In Example 99, the subject matter of any one or more of Examples 89-98 optionally include wherein the primary subchannel and the plurality of secondary subchannels are orthogonal frequency division multiple access (OFDMA) subchannels.
In Example 100, the subject matter of any one or more of Examples 89-99 optionally include transceiver means for conducting radio communication with the AP on at least the second subchannel specified by the system.
Example 101 is a system of a high-efficiency (HE) access point (AP) for operation in a wireless network for which channels are defined to include a primary subchannel and a plurality of secondary subchannels, the system comprising: means for establishing wireless connectivity with a HE client station (STA) on a first subchannel having a subchannel bandwidth that is a fractional portion of a default channel bandwidth defined for the wireless network; means for determining a set of at least one candidate subchannel to which communications with the STA are to be relocated; means for encoding a subchannel change request message for transmission to the STA, the subchannel change request message indicating the at least one candidate secondary subchannel for the STA to use for communication with the AP; means for decoding a received subchannel change response message sent by the STA, the subchannel response message confirming relocation of the communications to a new secondary subchannel from among the at least one candidate secondary subchannel; and means for initiating relocation of communication with the STA to the new secondary subchannel.
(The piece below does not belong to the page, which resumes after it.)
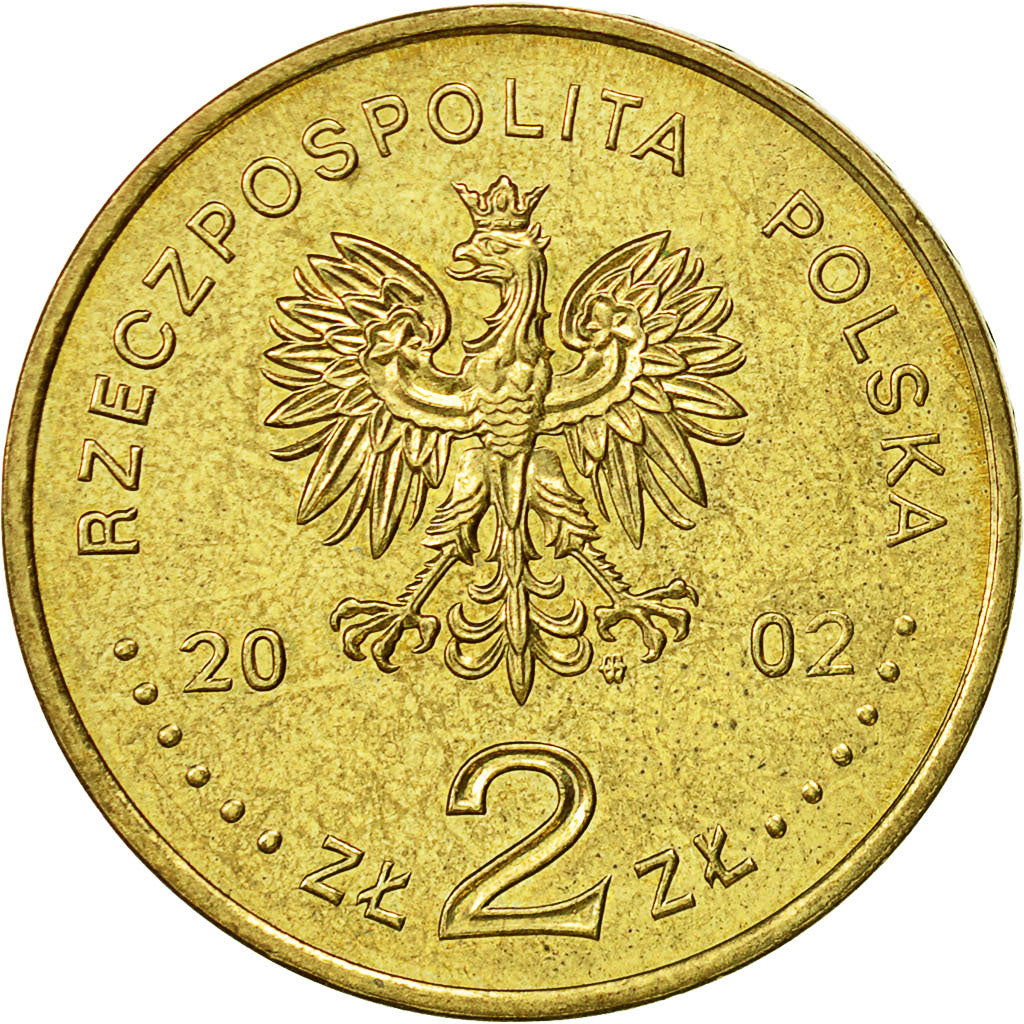 Coin, Poland, 2 Zlote, 2002, Warsaw, MS(60-62), Brass, KM:433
In Example 102, the subject matter of Example 101 optionally includes wherein the system is to further configure the AP to: in response to transmission of the subchannel change request message, wait for a predefined delay duration before conducting further communication with the STA.
In Example 103, the subject matter of any one or more of Examples 101-102 optionally include wherein the subchannel change request message indicates a plurality of available secondary subchannels, and wherein the subchannel change response message indicates selection by the STA of the new secondary subchannel.
In Example 104, the subject flatter of any one or more of Examples 101-103 optionally include wherein the system is to further configure the AP, in response to the subchannel change request message, to: measure subchannel congestion of a set of secondary subchannels; determine the set of at least one candidate subchannel based on the subchannel congestion measurement wherein one or more secondary subchannels meeting predefined relocation criteria are selected as the at least one candidate subchannel.
In Example 105, the subject matter of any one or more of Examples 101-104 optionally include wherein the first subchannel is the primary subchannel.
In Example 106, the subject matter of any one or more of Examples 101-105 optionally include wherein the subchannel change response message is decoded from reception on the primary subchannel.
In Example 107, the subject matter of any one or more of Examples 101-106 optionally include wherein the subchannel change response message is decoded from reception on the first subchannel.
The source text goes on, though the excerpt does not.